**Instructions to follow**
Within the data that follows, tally every line containing "Year". Provide only the tally.

[Dataset records]

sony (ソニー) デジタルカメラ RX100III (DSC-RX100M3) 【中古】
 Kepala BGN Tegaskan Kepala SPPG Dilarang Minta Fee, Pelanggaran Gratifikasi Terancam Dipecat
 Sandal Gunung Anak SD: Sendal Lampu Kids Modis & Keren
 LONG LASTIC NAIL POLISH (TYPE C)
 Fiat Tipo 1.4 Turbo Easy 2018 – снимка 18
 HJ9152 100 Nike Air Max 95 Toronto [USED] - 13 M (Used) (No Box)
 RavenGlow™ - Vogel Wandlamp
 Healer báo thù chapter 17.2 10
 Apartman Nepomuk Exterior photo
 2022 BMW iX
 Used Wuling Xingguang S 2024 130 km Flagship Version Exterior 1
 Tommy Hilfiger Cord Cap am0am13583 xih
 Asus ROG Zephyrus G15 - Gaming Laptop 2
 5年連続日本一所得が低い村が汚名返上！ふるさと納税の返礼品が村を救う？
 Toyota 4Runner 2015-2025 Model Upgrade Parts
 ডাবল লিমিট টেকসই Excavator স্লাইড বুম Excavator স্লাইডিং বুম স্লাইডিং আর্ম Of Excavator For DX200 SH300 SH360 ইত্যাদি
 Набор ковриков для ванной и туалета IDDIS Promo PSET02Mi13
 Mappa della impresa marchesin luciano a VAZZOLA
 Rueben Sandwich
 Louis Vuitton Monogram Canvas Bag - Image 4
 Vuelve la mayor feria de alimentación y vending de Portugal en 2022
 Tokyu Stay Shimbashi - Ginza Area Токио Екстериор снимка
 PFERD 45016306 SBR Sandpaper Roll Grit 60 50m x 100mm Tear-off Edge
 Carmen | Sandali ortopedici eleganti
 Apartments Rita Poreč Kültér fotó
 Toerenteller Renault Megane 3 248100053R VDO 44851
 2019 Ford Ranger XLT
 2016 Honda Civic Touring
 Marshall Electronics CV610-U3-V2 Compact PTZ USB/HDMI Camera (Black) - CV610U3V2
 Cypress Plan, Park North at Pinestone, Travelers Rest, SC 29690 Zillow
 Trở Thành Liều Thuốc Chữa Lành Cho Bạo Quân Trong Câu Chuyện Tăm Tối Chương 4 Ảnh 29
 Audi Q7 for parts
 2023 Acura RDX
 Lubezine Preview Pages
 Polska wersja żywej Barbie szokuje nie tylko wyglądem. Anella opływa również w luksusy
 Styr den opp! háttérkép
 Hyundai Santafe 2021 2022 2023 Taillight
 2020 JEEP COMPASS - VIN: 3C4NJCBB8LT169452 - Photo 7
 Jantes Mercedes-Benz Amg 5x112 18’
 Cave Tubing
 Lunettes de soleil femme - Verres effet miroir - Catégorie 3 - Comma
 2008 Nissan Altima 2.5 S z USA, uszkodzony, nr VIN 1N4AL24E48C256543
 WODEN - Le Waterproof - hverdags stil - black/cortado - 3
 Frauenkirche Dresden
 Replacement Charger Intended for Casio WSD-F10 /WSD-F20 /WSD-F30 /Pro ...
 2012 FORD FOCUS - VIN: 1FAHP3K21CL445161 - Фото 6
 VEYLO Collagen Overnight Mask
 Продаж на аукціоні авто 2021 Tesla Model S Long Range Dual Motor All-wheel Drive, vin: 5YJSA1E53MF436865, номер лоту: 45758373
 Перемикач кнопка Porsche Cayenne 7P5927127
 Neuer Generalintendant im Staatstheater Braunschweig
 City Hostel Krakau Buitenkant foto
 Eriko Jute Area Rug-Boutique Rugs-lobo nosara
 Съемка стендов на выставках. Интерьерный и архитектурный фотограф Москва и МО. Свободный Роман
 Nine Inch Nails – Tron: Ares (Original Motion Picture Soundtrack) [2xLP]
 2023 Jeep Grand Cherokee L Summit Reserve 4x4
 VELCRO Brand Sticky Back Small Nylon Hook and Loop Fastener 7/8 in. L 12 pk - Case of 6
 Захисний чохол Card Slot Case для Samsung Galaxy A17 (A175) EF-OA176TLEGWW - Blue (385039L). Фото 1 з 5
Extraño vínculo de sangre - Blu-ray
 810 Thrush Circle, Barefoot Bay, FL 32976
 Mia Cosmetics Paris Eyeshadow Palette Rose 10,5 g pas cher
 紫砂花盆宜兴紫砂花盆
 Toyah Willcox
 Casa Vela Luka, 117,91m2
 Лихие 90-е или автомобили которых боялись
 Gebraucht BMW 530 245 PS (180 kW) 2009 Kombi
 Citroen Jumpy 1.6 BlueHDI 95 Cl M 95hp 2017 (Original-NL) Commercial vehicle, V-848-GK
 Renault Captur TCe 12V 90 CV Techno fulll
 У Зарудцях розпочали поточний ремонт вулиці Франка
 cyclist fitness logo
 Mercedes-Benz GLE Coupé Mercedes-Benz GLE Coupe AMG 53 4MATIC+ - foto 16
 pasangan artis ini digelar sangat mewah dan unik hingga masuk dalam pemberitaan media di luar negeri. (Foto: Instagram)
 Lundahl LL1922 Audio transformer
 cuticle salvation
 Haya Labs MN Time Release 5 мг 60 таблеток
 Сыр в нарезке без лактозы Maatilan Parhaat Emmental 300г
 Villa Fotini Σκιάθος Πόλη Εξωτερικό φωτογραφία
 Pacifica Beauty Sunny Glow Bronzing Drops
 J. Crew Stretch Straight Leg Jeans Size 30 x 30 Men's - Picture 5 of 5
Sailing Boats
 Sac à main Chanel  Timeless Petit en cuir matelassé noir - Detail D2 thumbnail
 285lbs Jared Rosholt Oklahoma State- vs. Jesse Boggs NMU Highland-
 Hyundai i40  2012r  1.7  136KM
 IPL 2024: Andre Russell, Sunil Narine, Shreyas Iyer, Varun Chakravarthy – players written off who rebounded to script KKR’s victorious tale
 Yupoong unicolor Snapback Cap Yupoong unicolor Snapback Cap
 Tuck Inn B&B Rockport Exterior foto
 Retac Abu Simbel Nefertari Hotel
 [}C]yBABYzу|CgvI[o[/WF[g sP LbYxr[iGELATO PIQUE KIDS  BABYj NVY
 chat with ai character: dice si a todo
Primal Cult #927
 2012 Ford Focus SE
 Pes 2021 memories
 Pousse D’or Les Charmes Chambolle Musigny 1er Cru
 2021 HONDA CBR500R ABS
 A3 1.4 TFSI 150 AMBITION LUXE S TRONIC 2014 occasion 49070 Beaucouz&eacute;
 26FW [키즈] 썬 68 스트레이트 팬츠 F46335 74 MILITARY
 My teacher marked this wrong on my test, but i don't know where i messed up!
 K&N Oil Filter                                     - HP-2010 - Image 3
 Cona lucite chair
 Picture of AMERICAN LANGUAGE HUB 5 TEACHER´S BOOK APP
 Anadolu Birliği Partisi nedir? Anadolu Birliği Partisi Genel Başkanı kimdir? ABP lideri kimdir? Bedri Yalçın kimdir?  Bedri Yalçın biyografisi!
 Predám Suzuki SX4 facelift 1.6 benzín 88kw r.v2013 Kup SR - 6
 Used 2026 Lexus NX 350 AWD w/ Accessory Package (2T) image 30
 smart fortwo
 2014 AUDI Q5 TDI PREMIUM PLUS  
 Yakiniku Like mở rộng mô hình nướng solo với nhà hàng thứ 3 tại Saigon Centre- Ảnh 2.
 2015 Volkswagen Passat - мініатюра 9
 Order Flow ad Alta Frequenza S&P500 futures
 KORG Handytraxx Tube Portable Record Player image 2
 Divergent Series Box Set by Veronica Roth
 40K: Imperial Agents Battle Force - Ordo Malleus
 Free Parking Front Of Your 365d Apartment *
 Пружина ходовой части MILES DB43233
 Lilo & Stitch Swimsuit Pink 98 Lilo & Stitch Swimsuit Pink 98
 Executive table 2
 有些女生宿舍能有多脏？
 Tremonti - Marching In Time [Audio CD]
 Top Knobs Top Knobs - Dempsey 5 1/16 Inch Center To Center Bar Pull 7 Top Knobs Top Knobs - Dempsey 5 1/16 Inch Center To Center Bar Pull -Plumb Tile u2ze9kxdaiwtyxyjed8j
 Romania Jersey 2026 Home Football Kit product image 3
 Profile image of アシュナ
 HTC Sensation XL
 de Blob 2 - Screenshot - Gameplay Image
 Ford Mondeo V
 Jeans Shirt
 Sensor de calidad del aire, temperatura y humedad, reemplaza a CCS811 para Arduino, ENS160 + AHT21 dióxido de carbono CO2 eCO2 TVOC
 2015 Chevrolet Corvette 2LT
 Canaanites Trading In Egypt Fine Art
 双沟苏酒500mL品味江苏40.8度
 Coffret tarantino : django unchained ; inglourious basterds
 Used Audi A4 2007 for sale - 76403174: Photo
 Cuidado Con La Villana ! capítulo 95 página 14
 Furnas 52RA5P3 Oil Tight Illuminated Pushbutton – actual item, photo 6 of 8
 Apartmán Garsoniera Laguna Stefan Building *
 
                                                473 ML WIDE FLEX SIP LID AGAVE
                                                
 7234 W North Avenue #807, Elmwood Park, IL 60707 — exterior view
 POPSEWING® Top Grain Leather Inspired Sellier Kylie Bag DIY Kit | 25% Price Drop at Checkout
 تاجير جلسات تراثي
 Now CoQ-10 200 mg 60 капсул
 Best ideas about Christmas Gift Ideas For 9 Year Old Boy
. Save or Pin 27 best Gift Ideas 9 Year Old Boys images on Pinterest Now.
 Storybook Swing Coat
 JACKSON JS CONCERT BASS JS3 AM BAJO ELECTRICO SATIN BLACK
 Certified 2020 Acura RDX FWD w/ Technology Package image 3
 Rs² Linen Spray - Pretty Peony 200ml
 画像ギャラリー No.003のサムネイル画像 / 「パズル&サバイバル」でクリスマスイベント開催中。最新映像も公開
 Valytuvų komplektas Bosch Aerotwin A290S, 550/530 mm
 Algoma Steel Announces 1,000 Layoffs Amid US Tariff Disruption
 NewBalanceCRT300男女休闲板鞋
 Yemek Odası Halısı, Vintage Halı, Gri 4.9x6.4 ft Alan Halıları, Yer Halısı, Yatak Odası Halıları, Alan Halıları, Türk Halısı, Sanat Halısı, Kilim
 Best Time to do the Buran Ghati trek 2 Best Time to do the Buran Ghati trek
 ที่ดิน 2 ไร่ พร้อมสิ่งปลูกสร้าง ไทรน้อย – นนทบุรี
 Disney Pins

**Response box**
2